The statement by SAGE has a surreal aspect to it:
While investigating the JVC papers submitted and reviewed by Peter Chen, it was discovered that the author had created various aliases on SAGE Track, providing different email addresses to set up more than one account. Consequently, SAGE scrutinised further the co-authors of and reviewers selected for Peter Chen’s papers, these names appeared to form part of a peer review ring. The investigation also revealed that on at least one occasion, the author Peter Chen reviewed his own paper under one of the aliases he had created.
As many as 130 fake email accounts may have been involved, according to our friends at Retraction Watch, who have monitored the story closely.
This news started some emails flying around, with people wondering how or what could prevent things like this in the future. Could something validating peer review, like the new PRE-val system my company is launching, have helped? Could ORCID, which is built to disambiguate authors in all their roles, including editing and reviewing? Could CrossCheck, which is intended to flag large passages of text published previously?
It turns out that none of these would have much effect on the particular situation. Falsifying an ORCID is probably about as easy as falsifying any other form of online identity, especially with so many unclaimed ORCIDs in existence — once all legitimate authors are using them and all relevant papers are claimed, then it would be nearly bulletproof. Pretending to be an obscure author or three and assigning illicitly obtained ORCIDs to fake email addresses doesn’t seem all that difficult. Judging from the lengthy dispute procedures outlines on the ORCID site, it would take a while to clear up a discrepancy. I asked Howard Ratner about this, and he confirmed that until ORCID is more widely adopted, it doesn’t have enough data to provide a trusted barrier against exploitation by a devoted fraudster.

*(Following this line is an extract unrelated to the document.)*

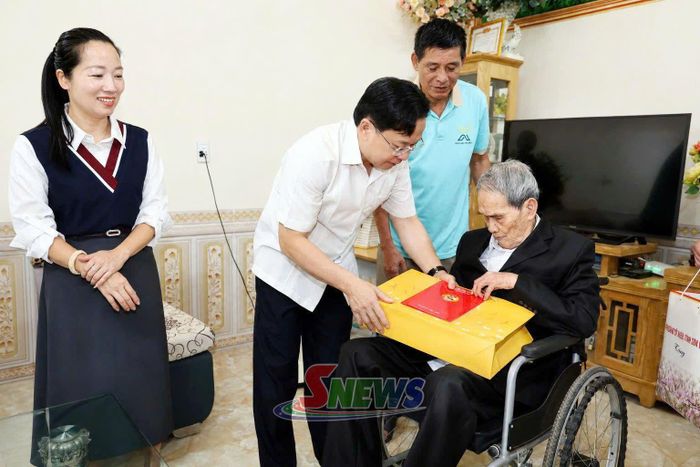 Đồng chí Bí Thư Tỉnh ủy tặng quà thương binh Phan Văn Phụng.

PRE-val would have scored these articles by trusting that the peer-review information was accurate and honestly derived. CrossCheck detects for plagiarism, not identity fraud.
The fact is that we trust our authors and reviewers, and there is no system currently available to stop things like this from occurring, beyond the risk of being caught, publicly humiliated, banished from academia, and so forth.

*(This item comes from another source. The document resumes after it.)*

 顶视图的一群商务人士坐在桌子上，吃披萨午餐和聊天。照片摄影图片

How high is the risk of ostracism even if an academic or researcher is caught cheating? Not that high, according to a study published last year, where the authors found that:
[w]rongdoing in research is relatively common with nearly all research-intensive institutions confronting cases over the past 2 years. Only 13% of respondents indicated that a case involved termination, despite the fact that more than 50% of the cases reported by RIOs [research integrity officers] involved FFP [fabrication, falsification, plagiarism]. This means that most investigators who engage in wrongdoing, even serious wrongdoing, continue to conduct research at their institutions.
Another problem with enforcement includes an inability to make institutions where fraud has occurred return grants and other funding secured in the process. This is all nicely spelled out in a New York Times op-ed by Adam Marcus and Ivan Oransky.

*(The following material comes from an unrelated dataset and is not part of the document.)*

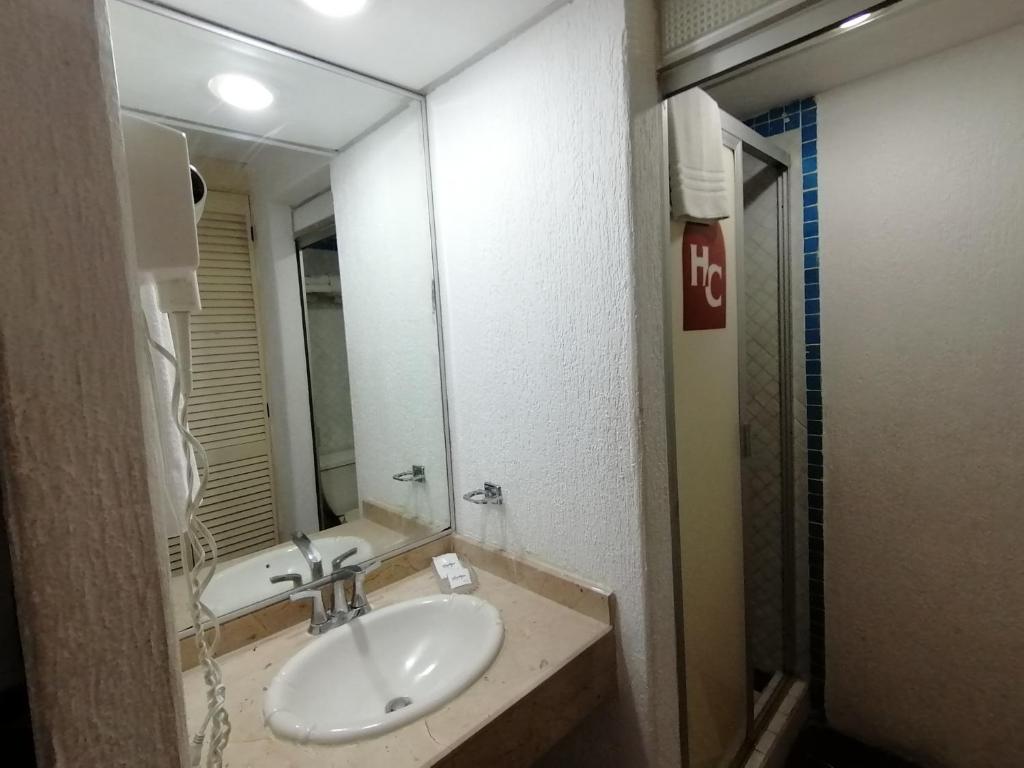 Koupelna v ubytování Hotel Candilejas Playa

In the SAGE incident, the individual at the center of this has resigned from his post, and the editor of the Journal of Vibration and Control also resigned. That’s somewhat reassuring.
SAGE is to be commended on one hand for investigating this and pursuing the trail vigorously. Of course, prevention would have been better, and there is definitely going to be some damage to the journal and publisher brands.
The difficulty of detecting situations like this leads one to wonder whether this is the tip of an iceberg. After all, this is not completely unfamiliar author behavior, as noted above. In other instances of academic misbehavior, authors have added senior authors to papers without their permission and seen those papers published, editors have self-edited papers to publication in their own journals, and authors have published plagiarized papers.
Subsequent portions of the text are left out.